Post-secondary options provide students with a plethora of choices students can explore in order to obtain the career of their choice. Post-secondary options could include a four year college or university, community college, career and technical education, or military. Consideration of career goals, time investment, cost, and learning environment can determine what post-secondary programming is best suited for students.
A college/university offers students a wealth of education options. There are a number of degree programs, majors, and class options students can choose from that may align with their career aspirations. The typical four-year college program offers two types of bachelor’s degrees: Bachelor of Arts (BA) or Bachelor of Science (BS). Students who are interested in the career pathway of arts and humanities will take the B.A. pathway, and students who are interested in science, technology, and business usually earn a Bachelor of Science (B.S.) or Bachelor of Fine Arts (BFA). Four-year schools typically offer on-campus residential opportunities, sports, clubs, extracurricular activities, and social activities.
Students can also explore Historical Black Colleges and Universities (HBCU). Founded prior to 1964, HBCUs are higher education institutions that were historically established to provide education for Black Americans. Today, HBCUs offer all students, regardless of race, an opportunity to gain a rich culture college experience, as well as develop a student’s skills and talents that also align with the student’s career goals.
Community college is another avenue students can explore when pursuing post-secondary options. Community colleges are far more cost effective than a four year institution; they can provide flexibility if students have to work and attend school simultaneously, there are more support services offered, smaller class sizes, and students can obtain an associate degree or certification upon completion of college.

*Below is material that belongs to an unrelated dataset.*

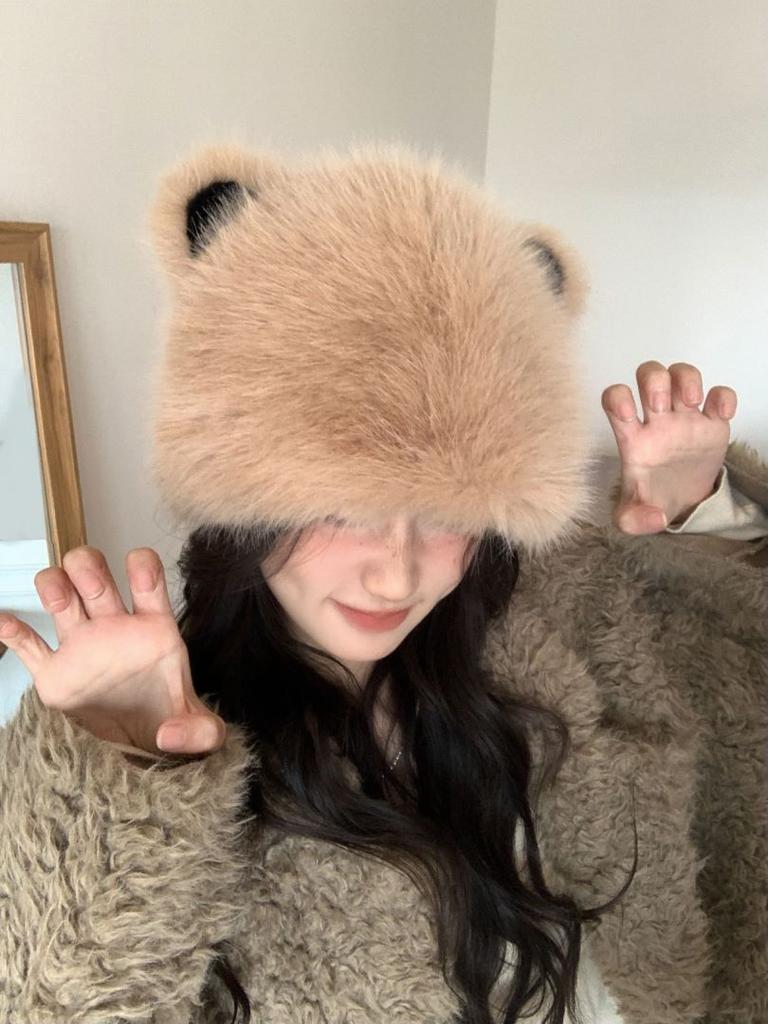 Cute and Cute Cat Ears Imitation Leather Fluffy Fluffy Hat Winter Warm Windproof Ear Protection Hat Head Hat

Career and Technical Education
Career certification programs are additional post-secondary routes students can take to reach their career goal. Career certificate programs offer hands-on experiences related to specific careers. Career technical education programs are more streamlined and focus on developing specific skills and knowledge for a selected career path and students earn a certification opposed to a degree. Certification programs are a great way for students to jump start their career immediately after high school and career technical education programs cost far less than a college/university, as well as taking significantly less time to complete. Career technical education programs are often referred to as “trade schools” or “vocational training programs”.
Apprenticeships afford students the opportunity to gain skills and knowledge under skilled, trained workers within the occupation the students are pursuing. Through a paid, on-the-job training opportunity, students can learn the skills needed for the job. An apprenticeship for nearly any job can exist, ranging from high-tech manufacturing to healthcare.
The military is yet another option one can explore when deciding what post-secondary path to take to reach one’s career goals. The military can help pay for college or even pay off college loans, all while assisting students with achieving their career goals.